I don't have to do that because superdelegates are not really committed until they actually vote. You might have some sort of half-assed point if Hillary had fewer pledged delegates & Hillary's pledged delegate count combined with her theoretical superdelegate count gave her enough to win the nom but we're nowhere near that.
What is half assed about pointing out the logical fallacy of you stating the super delegates will shift to the popular opinion when the final votes are tallied when there is no history of such an event happening in the past for you to reference it to?
I am not against you having an opinion. I'm happy to have a discourse between us where I argue my opinion vs. yours. The problem is you don't ever defend your opinions with facts, which is problematic when my primary argument is fact. Fact vs. opinion has a somewhat predictable outcome - one person wins, the other thinks they win.

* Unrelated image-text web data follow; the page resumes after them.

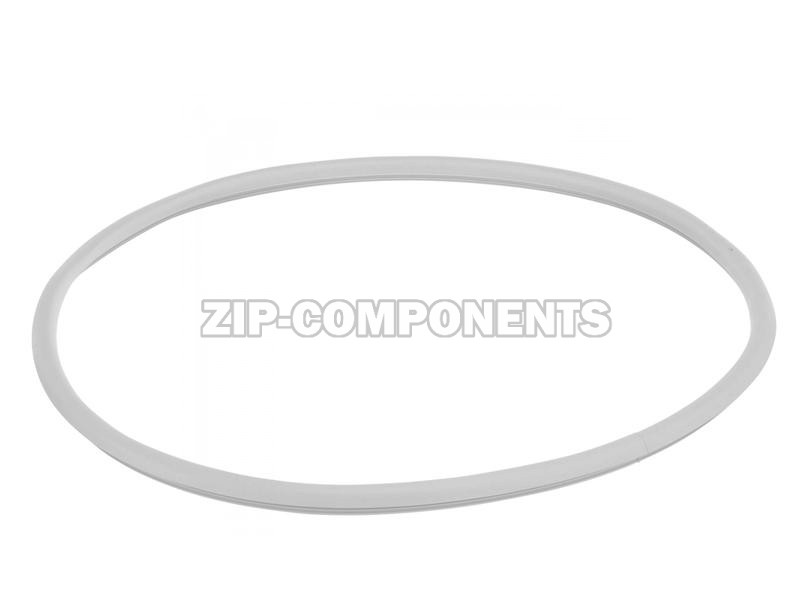 Прокладка люка сушки Bosch 656841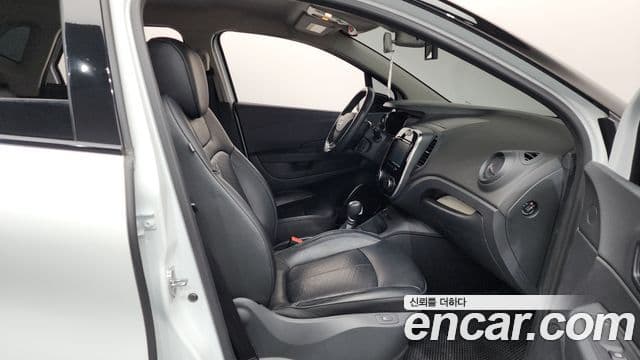 Renault Korea(Samsung) New QM3 RE, 2018 11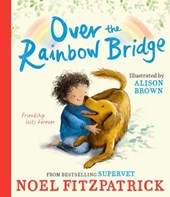Over the Rainbow Bridge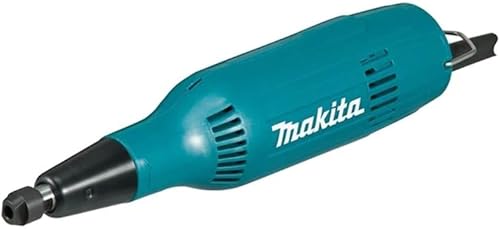 Makita GD0603 Amoladora de troquel compacta de 1/4"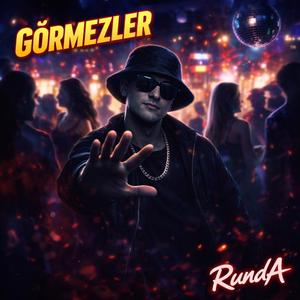 GÖRMEZLER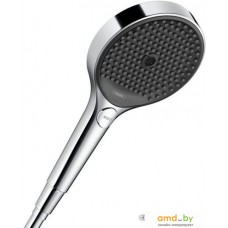 Душевая лейка Hansgrohe Rainfinity 130 3jet EcoSmart 26865000 (хром)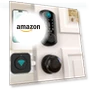 Thumbnail Keyless Entry Door Lock Deadbolt with Handle Set — Deadbolts, hornbill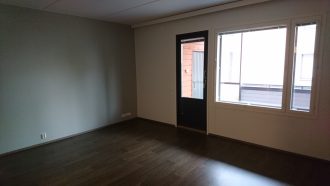 Rahkolantie 18 yksiö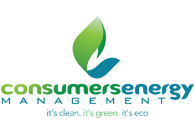 Consumers Energy Management Logo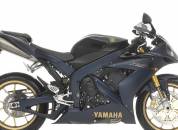 Yamaha YZF R1 SP 2006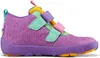 Affenzahn Tukan Klettschuh Violett Produktbild-Vorschau 8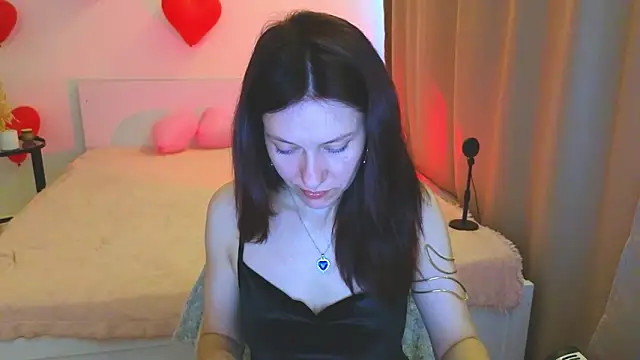 Annaabels online show from February 13, 2026, 9:09 am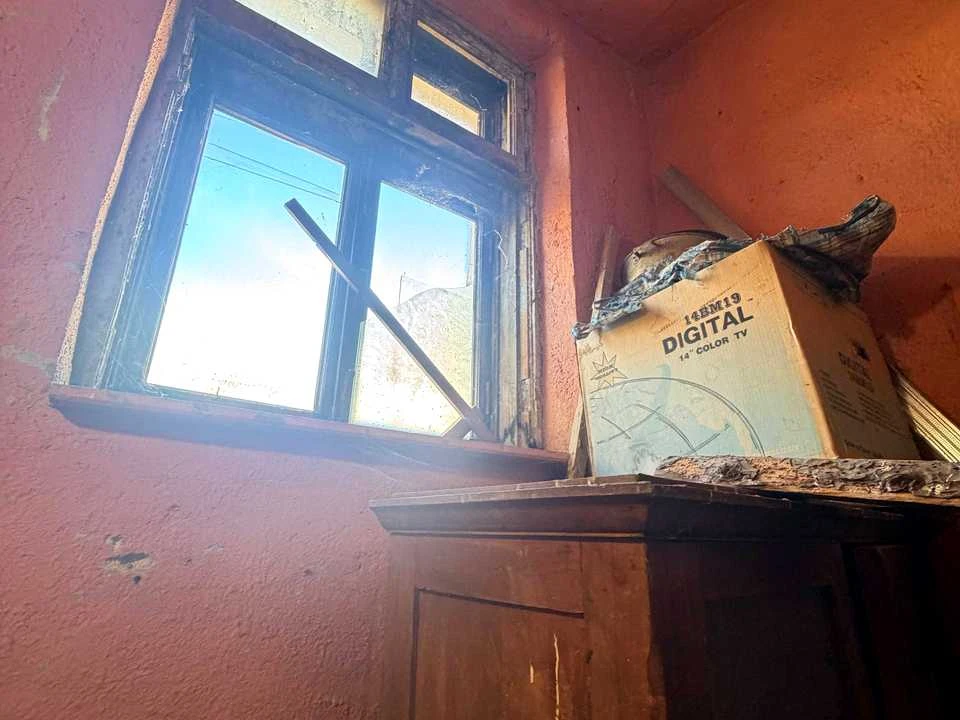 Квартира. Одесса, Успенская улица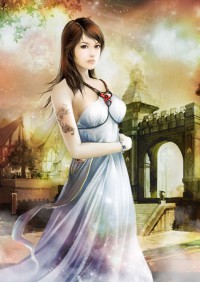 捧著冰塊當媳婦
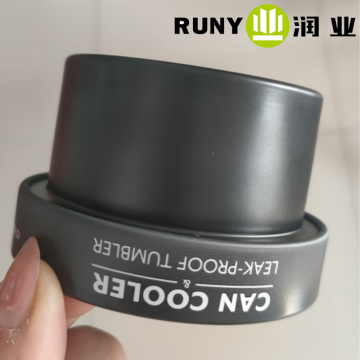 Durable Aluminum Cup Connector for Custom Cans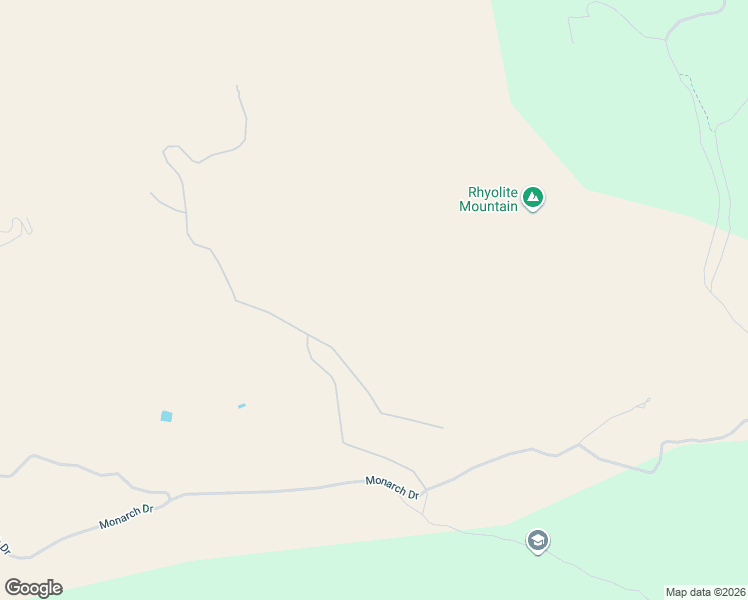 map of restaurants, bars, coffee shops, grocery stores, and more near Hi Trail in Cripple Creek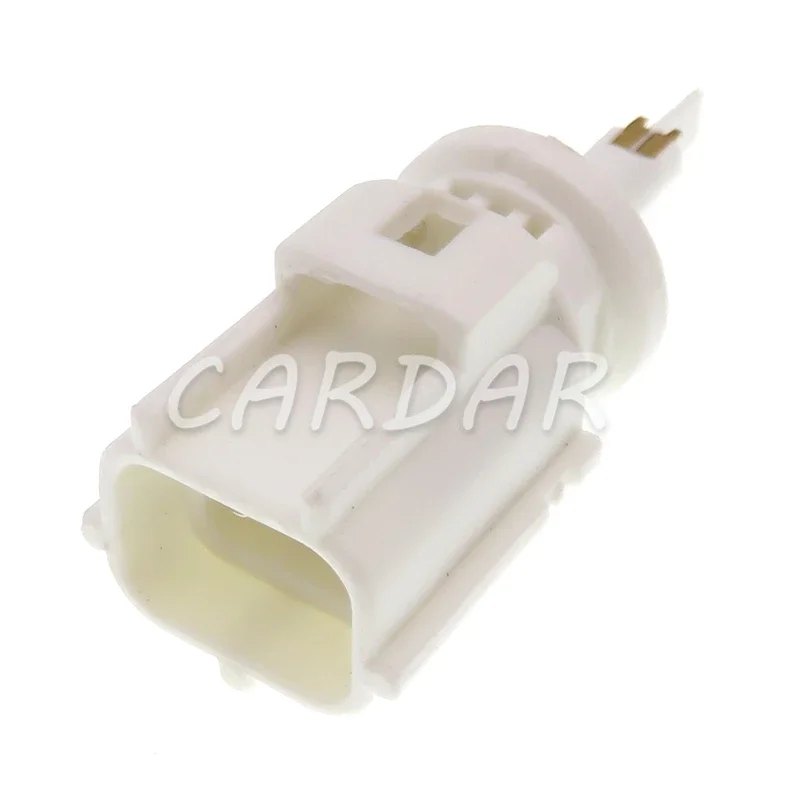 

1 Set 2 Pin 1.8 Series Car Water Temperature Sensor Wire Harness Connector AC Assembly Unsealed Male Socket Automotive Adapter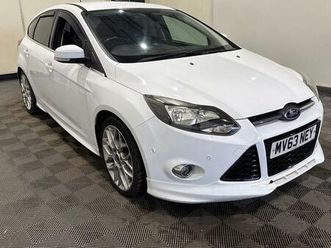 1.6 tdci zetec s euro 5 (start/stop) 5dr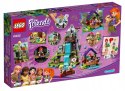 LEGO 41432 FRIENDS - Na ratunek alpakom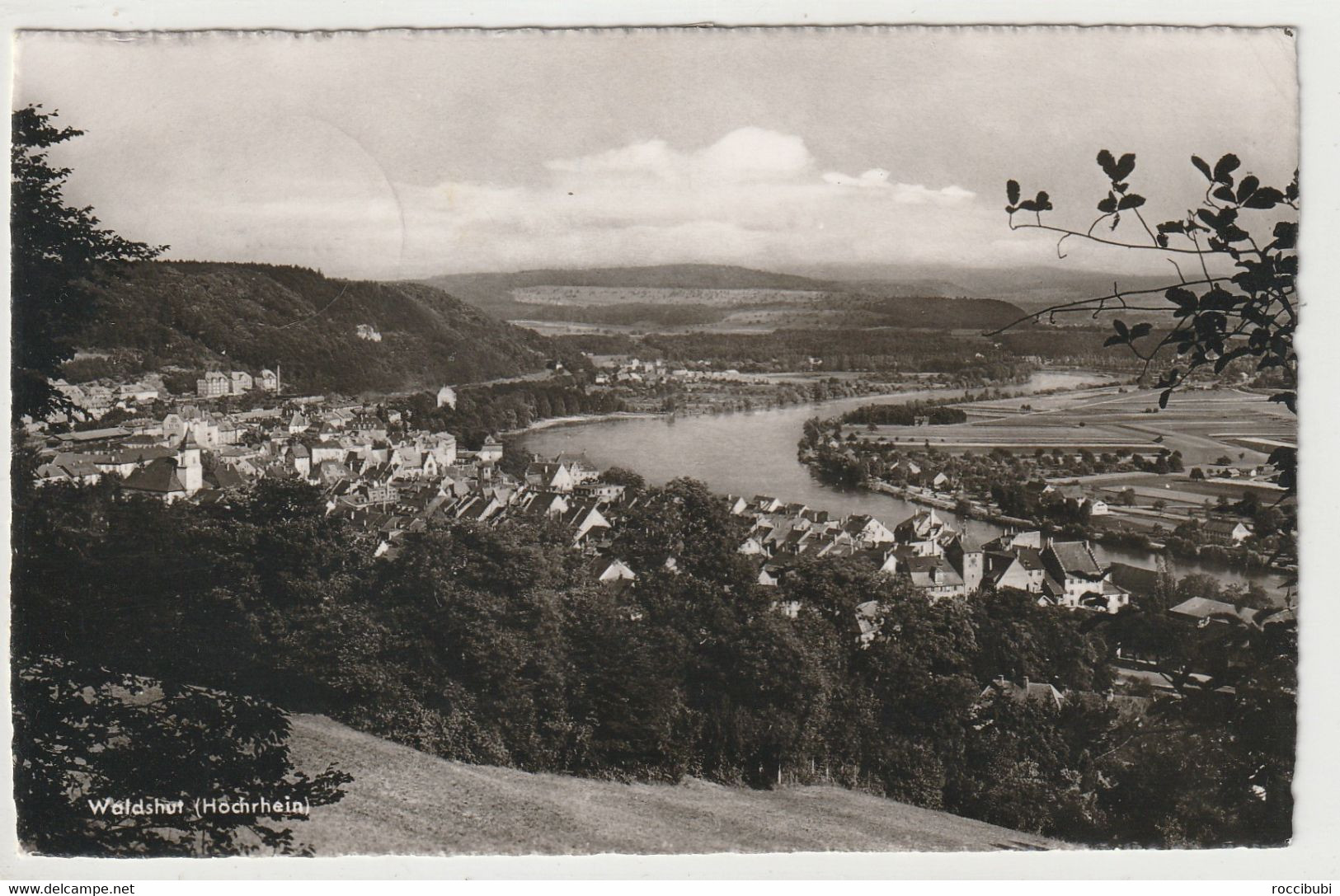 Waldshut, Baden-Württemberg - Waldshut-Tiengen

I do not see it constructive to have a conversation where you invent narratives and then choose not to defend them when questioned about the foundations of those narratives. In essence, you are trying to push your opinion as if it has more weight than it actually does, possibly because you're actually convinced it does. I find that troubling as it may give others the impression that your opinion is more authoritative than it is.
Or, perhaps I'm giving you too much credit and others just ignore you. Either way, you can continue to deflect if it helps you sleep at night, I just wish you'd be willing to actually discuss your opinion in detail when questioned by others as opposed to just running away every time.